Ultrapassada a “surpresa” inicial do convite dos azuis e brancos para se mudar para a Europa, o colombiano melhorou a produção em relação à época passada e não esconde o sonho de ainda jogar em Inglaterra. Sobre a Champions, o colombiano acredita em eliminar o Chelsea.

Passaram mais de duas semanas desde que o FC Porto garantiu presença nos quartos de closing da Liga dos Campeões, mas a qualificação heroica em Turim, frente à Juventus, continua a ser tema de conversa noutras latitudes. Matheus Uribe foi recentemente entrevistado no programa “Balón Dividido”, da ESPN Colômbia, e o assunto veio à baila, até porque Cristiano Ronaldo e companhia eram vistos como candidatos à conquista da “orelhuda”.

“Estamos muito contentes. Celebrámos a passagem aos quartos de closing com alma”, começou por referir o médio, que considerou este sucesso “um prémio por todo o trabalho” que os dragões têm realizado na competição de clubes mais importante do mundo. “Toda a gente nos vê como a equipa mais débil dos quartos de closing, mas não nos ofereceram nada. Se estamos aqui, é porque merecemos e porque trabalhámos para isso”, sublinhou o internacional colombiano, que encara a eliminatória com o Chelsea com otimismo.

“Com todo o respeito por todas as outras equipas que estão nos quartos de closing, mas o FC Porto está aí para lutar com qualquer uma e estamos preparados para isso. Temos equipa para enfrentar estes quartos de closing e esperemos que, com a ajuda de Deus, possamos dar esse grande passo que desejamos”, afirmou.

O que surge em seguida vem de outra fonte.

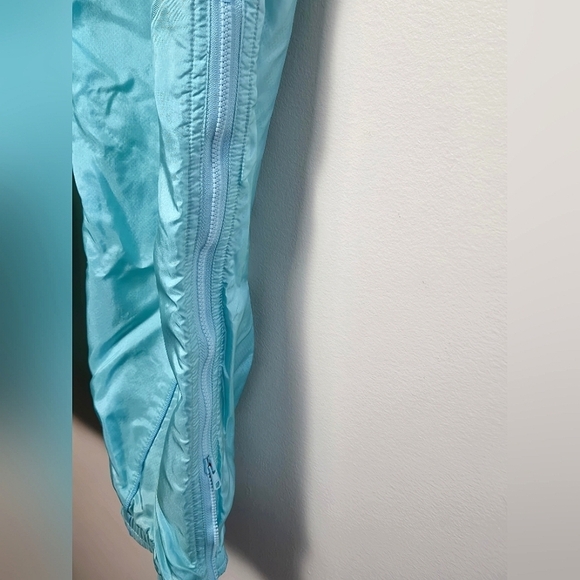 Vintage Adidas Lined Leg Zip Windbreaker Track Pants, Size Large/38 - Picture 4 of 7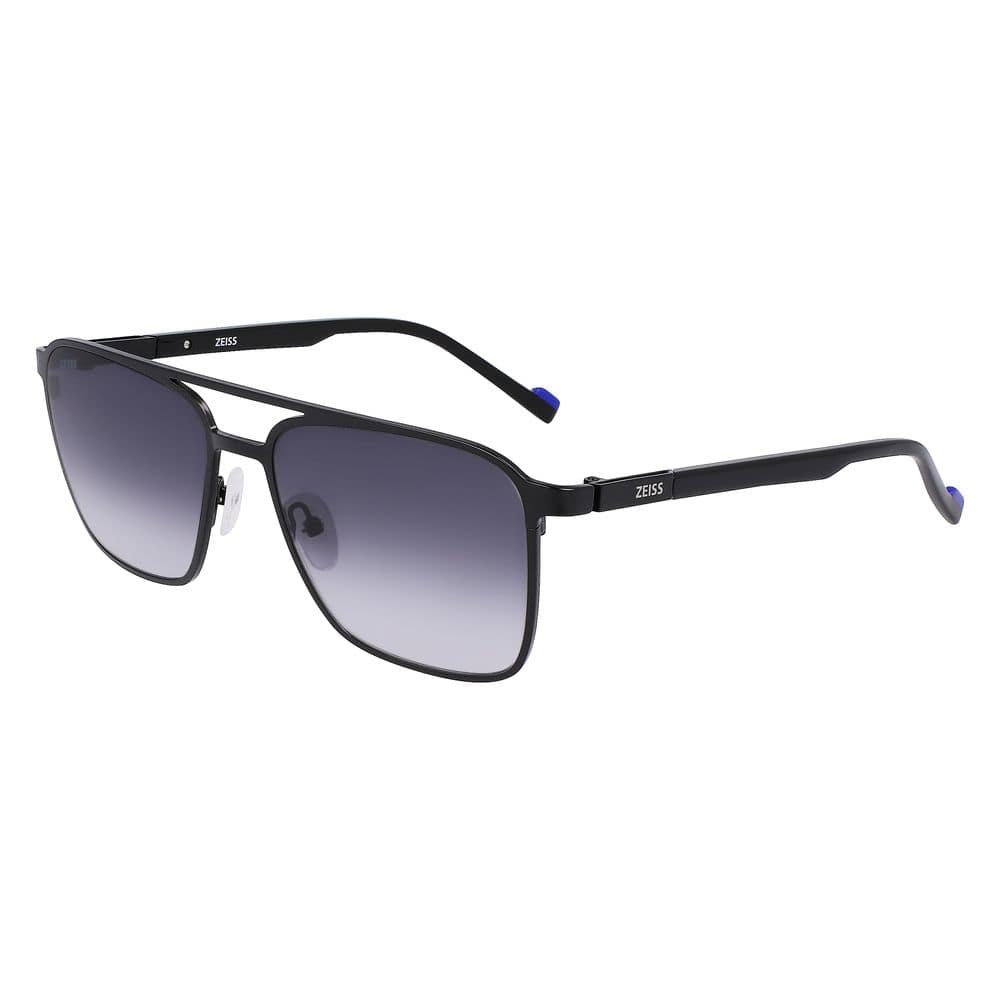 ZEISS Black Metal Sunglasses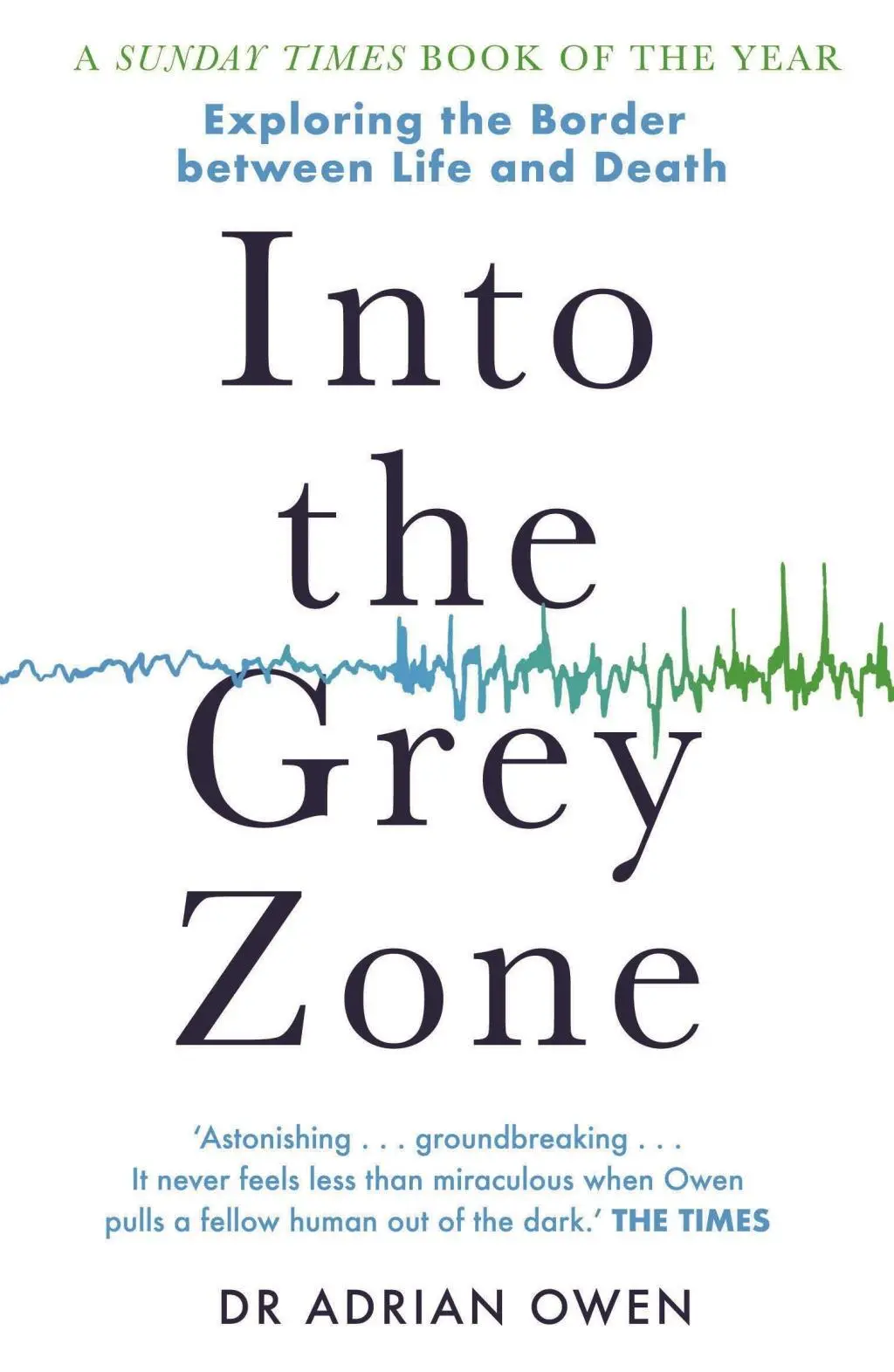 Cover: 9781783350995 | Into the Gray Zone | Exploring the Border Between Life and Death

Desde a saída de Danilo para o Paris Saint-Germain que Uribe passou a preocupar-se mais “com os equilíbrios” e em ser “o médio mais recuperador”, mas o facto de desempenhar “um papel totalmente diferente” do que tinha no América não o tem impedido de causar mossa na baliza dos adversários. Esta temporada já marcou por quatro ocasiões – em 2019/20 só o fez por uma vez – e a maioria dos desempenhos tem merecido análises bastante positivas por parte da crítica. Por isso, ainda não deu como extinto o sonho de miúdo de jogar na Premier League.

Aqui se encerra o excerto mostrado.